CONCEPTO 74 DE 2025
(febrero 17)
<Fuente: Archivo interno entidad emisora>
SUPERINTENDENCIA DE SERVICIOS PÚBLICOS DOMICILIARIOS
Bogotá, D.C.
Ref. Solicitud de concepto[1]
COMPETENCIA
De conformidad con lo establecido en el numeral 2 del artículo 11 del Decreto 1369 de 2020[2], la Oficina Asesora Jurídica de la Superintendencia de Servicios Públicos Domiciliarios - Superservicios es competente para “...absolver las consultas jurídicas externas relativas al régimen de los servicios públicos domiciliarios”.
ALCANCE DEL CONCEPTO
Se precisa que la respuesta contenida en este documento corresponde a una interpretación jurídica general de la normativa que conforma el régimen de los servicios públicos domiciliarios, razón por la cual los criterios aquí expuestos no son de obligatorio cumplimiento o ejecución, tal como lo dispone el artículo 28 de la Ley 1437 de 2011[3], sustituido por el artículo 1 de la Ley 1755 de 2015[4].
Por otra parte, la Superservicios no puede exigir que los actos o contratos de un prestador de servicios públicos domiciliarios se sometan a su aprobación previa, ya que de hacerlo incurriría en una extralimitación de funciones, así lo establece el parágrafo 1 del artículo 79 de la Ley 142 de 1994, modificado por el artículo 13 de la Ley 689 de 2001.
CONSULTA
A continuación, se transcribe la consulta elevada:
“(...) Se sirva informarme, si existe concepto de la Superintendencia de Servicios Públicos, jurisprudencia, doctrina y/o información, donde se especifique la responsabilidad que tiene el tomador de un servicio público (ARRENDATARIO) quien debe sufragar el servicio tomado a su nombre, mas NO el propietario del inmueble. (...)”
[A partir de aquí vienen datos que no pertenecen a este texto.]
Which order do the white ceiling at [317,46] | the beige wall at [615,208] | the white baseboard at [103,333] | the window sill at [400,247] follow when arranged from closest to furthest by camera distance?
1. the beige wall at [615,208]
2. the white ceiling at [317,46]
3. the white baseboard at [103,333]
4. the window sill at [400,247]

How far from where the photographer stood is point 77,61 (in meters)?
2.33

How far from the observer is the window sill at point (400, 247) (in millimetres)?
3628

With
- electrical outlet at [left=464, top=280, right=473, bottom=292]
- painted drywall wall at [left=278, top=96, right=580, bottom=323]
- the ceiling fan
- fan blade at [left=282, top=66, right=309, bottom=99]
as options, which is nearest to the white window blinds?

NORMATIVA Y DOCTRINA APLICABLE
Concepto SSPD-OJ-2024-62
Concepto Unificado SSPD OJ-13 de 2010
CONSIDERACIONES
De forma previa y con el fin de emitir un concepto de carácter general, es preciso indicar que en sede de consulta no es posible emitir pronunciamientos y/o decidir situaciones de carácter particular y concreto, teniendo en cuenta que los conceptos constituyen orientaciones que no comprometen la responsabilidad de esta Superintendencia y no tienen carácter obligatorio o vinculante, siendo que se expiden conforme con lo dispuesto en el artículo 28 de la Ley 1437 de 2011, introducido por sustitución por la Ley 1755 del 30 de junio de 2015.
Para iniciar, es preciso mencionar que la relación contractual entre los prestadores de servicios públicos domiciliarios y los usuarios o suscriptores nace a partir de la celebración de un contrato de servicios públicos, es decir, cuando un prestador determina las condiciones de prestación y el potencial usuario solicita recibirlo en un determinado inmueble conforme con las condiciones previstas por la empresa, cuyo alcance se encuentra determinado en los artículos 128 y 129 de la Ley 142 de 1994.
Teniendo en cuenta lo anterior, son partes del contrato de servicios públicos domiciliarios el prestador de servicios públicos y el suscriptor y/o usuario. Respecto a ello, el articulo 130 ibidem dispone:
“ARTÍCULO 130. Partes del contrato. Modificado por el art. 43, Decreto Nacional 266 de 2000, Modificado por el art. 18, Ley 689 de 2001. Son partes del contrato la empresa de servicios públicos, y los usuarios.
El propietario del inmueble, el suscriptor y los usuarios del servicio son solidarios en sus obligaciones y derechos en el contrato de servicios públicos.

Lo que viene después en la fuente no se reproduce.